MOMENTUM SP Reid Securities recently cited the building materials and associated hardware retail sector that Cashbuild and Italtile operate in as a “standout industry in a lacklustre economy”.
Cashbuild recently reported a 35% rise in profit for the year to June of R363m, despite “difficult trading conditions”.
The performance is “once again above expectations”, Momentum SP Reid Securities says. But the pan-African brokerage also says “more details are needed to determine where the growth comes from”.
Cashbuild is typically coy on this question. It says employees in SA’s mining sector have driven growth. Trade unions have seen to it that individual miners have made significant income gains in recent years. But Cashbuild worries this may not last in an industry that is now bleeding jobs.
Revenue of R7.7bn was up a healthy 13% in the year.
The group has a “ready for business” initiative of better customer service through a well-stocked and “constantly expanding” chain of about 222 stores — some in Malawi, Botswana, Swaziland, Namibia and Lesotho. About 25% of shops are in rural areas.
CEO Werner de Jager dismisses any notion that it is only the rural stores that are bringing in the cash.
“The majority of revenue is from Gauteng — the rural stores have done well, but the best turnover performance is not out of rural stores.”
He says Gauteng stores brought in 23% of group turnover in the year. Sales in the province leapt 14% year on year. Meanwhile stores in the Eastern Cape, Limpopo and Mpumalanga each brought in an average 13% of overall revenues in the period.
“I think there is a bigger informal economy than we all realise,” Mr de Jager says.
“Cashbuild carries an in-depth, quality product range tailored to the specific needs of the communities we serve. Our customers are typically home-builders and improvers, contractors, farmers and traders, as well as all other customers requiring quality building materials at the lowest prices,” the group says.
These clients include large construction firms and government-related infrastructure developers. But since the end of SA’s 2010 Soccer World Cup, large state-led infrastructure projects have been in short supply. This has left many JSE-listed construction and engineering firms chasing thin margins at home while taking on riskier projects elsewhere in Africa.
In the interim, though, “bakkie and bucket brigade” builders appear to have been faring quite well. This has likely been boosting not only Cashbuild, but also tile retailer and franchisor Italtile, whose brands include CTM and TopT, sold through 126 stores across SA and in southern and eastern Africa.

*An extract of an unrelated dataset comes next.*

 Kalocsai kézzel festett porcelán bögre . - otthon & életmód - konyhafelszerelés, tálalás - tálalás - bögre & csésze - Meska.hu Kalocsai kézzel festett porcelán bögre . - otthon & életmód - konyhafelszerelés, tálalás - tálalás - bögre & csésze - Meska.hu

In the year to June, Italtile recorded double-digit growth in both turnover and trading profit. It sells “premium quality” porcelain and ceramic tiles, and also sanitaryware, taps, bathroom furniture, accessories and laminated flooring.

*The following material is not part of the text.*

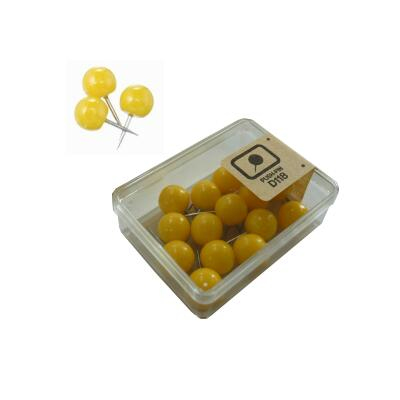 べロス マップ画鋲 15本入 黄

It says the renovations segment is continuing to grow, but there has been little recovery in SA’s new home-building market because of “constraints in energy, water and sanitation infrastructure that has restricted new housing projects”.
Anthony Clark, a small and medium market cap analyst at Vunani Securities, says Italtile’s 17% rise in revenue and 21% increase in trading profit to R905m for the year to June is an “eye-wateringly good performance for an economy ‘supposedly’ in recession”.
He recently tweeted: “Recession, what recession. Stonking update from Cashbuild — and Italtile shows 22% rise in headline earnings per share. Building materials (are) obviously having a spending spree”.
But Mr Clark says Cashbuild and Italtile’s low-cost TopT trading unit both posted “superior industry growth”. With low-cost government housing in the doldrums, he reckons the “masses must be taking matters into their own hands and building for themselves”.
Massmart’s Massbuild division, made up of 99 stores including the Builders Warehouse brand, has also been a star performer. In the six months to June, the division grew sales by 16.3%, while trading profit before interest and tax shot up by 31%. Stores are mostly in SA, but also in Botswana and Mozambique.
The slew of great results comes as the FNB/BER building confidence index for the second quarter of this year shows that the biggest fall in industry confidence is among retailers of building materials.
Confidence fell from 91 index points in the first quarter to 66 points in the second quarter, even as robust sales growth and profitability continued.
John Loos, FNB property economist, says retailers of building materials have been the best performing sub-segment of the building industry for more than a year and they should continue to perform well this quarter.
But Investec economist Annabel Bishop warns that a recovery in the residential property market may be short-lived as higher interest rates and costlier personal taxes bite, along with rising administered prices for such items as electricity and water.
Meanwhile, the banking group says nonresidential property development remains in a slump, while the weakness of the commercial property sector shows the “parlous state of the economy in certain areas” — such as manufacturing.